Just a few hours’ outage for a big corporation is headline news, and depending on the nature of the business, can bring reports of multi-million-pound losses. Apple’s App Store went down for over 11 hours on 11th March 2015, alongside iTunes, iBooks, iCloud and even its Mac App Store. It was the single largest outage Apple has faced and happened due to an internal issue with its DNS [domain name system]. The estimated loss in revenue was valued at $25 million. A drop in the ocean for Apple, but a potential death knell for app developers and musicians.
What about the impact of a cyber-attack? The long-term effects of TalkTalk’s website hack will not be seen for a while, but evidence of vulnerability is not welcomed by consumers. So, how can a company evidence its capabilities for IT resilience? How can it be sure it will respond to an IT incident quickly enough to limit the effects?
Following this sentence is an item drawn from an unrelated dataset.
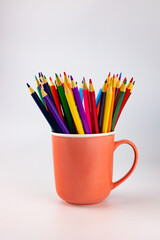 A group of color pencils in a pink cup on an isolated  white background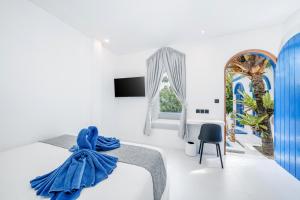 ein weißes Zimmer mit einem Bett und einem Stuhl in der Unterkunft Bombora Surf Camp in Uluwatu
IT outages or downtime are not issues that can be ignored and should receive immediate attention. Reducing the mean time to resolution improves customer satisfaction and a company’s reputation. By incorporating an effective Critical IT Alerting program into an IT Operations Policy, interruptions are organised and prioritised by incident type, location and severity and the most skilled, available IT expert is identified and supplied with up-to-date information to make the necessary repairs. If that expert is not contactable, the IT Service Alerting solution can find the next available engineer and contact them; continuing the process until confirmation is received that someone is en-route. If the downtime is likely to impact on stakeholders and customers, they too can be contacted and kept updated throughout any incident.